Hoy, el castigo ha sido reemplazado por técnicas menos aversivas pero igualmente punitivas, como el “rincón de pensar”. Este método, aunque menos agresivo, sigue siendo una forma de expulsión o aislamiento sin proporcionar al niño las herramientas necesarias para gestionar el conflicto. Es un castigo enmascarado que no aporta nada positivo. En lugar de educar, perpetúa una visión adultocentrista donde el castigo y la recompensa son los únicos medios de aprendizaje y cambio.
Para educar eficazmente, es fundamental acompañar al niño, ayudarle a calmarse y guiarle en la reflexión sobre sus acciones. Métodos como la respiración, el uso del frasco de la calma, un abrazo o una conversación constructiva son formas de contención que permiten al niño aprender a gestionar sus emociones y comportamientos. Esta guía y apoyo no solo le muestran lo incorrecto, sino también alternativas para mejorar su conducta.
No se trata de castigar, sino de construir cimientos sólidos basados en el respeto, la empatía y la gestión de conflictos. Castigar atenta contra la dignidad del niño y no modifica su conducta a largo plazo. En cambio, deteriora la relación entre el niño y el adulto, genera resentimiento y perpetúa un modelo educativo anacrónico e ineficaz.
El objetivo debe ser formar personas empáticas y respetuosas, capaces de gestionar sus conflictos y emociones, no individuos sumisos y resentidos.
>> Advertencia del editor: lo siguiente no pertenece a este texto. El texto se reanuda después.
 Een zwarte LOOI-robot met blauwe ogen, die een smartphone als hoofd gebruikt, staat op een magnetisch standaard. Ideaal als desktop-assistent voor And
La motivación intrínseca, hacer las cosas porque creemos en ellas, es clave para un desarrollo integral y sano.
En casos específicos, como un niño de 3 años que no quiere dormir la siesta, la solución no es un castigo ejemplar. Es necesario respetar su decisión y ofrecerle alternativas adecuadas. La competencia de los educadores debe evaluarse para asegurar que se utilicen métodos respetuosos y efectivos.
En resumen, el castigo no sirve para educar. Nos jugamos todo en la infancia y es imperativo adoptar un paradigma educativo que respete la dignidad del niño y fomente su desarrollo integral a través de métodos basados en el apoyo, la comprensión y la empatía. Solo así podremos construir una sociedad menos violenta y más empática.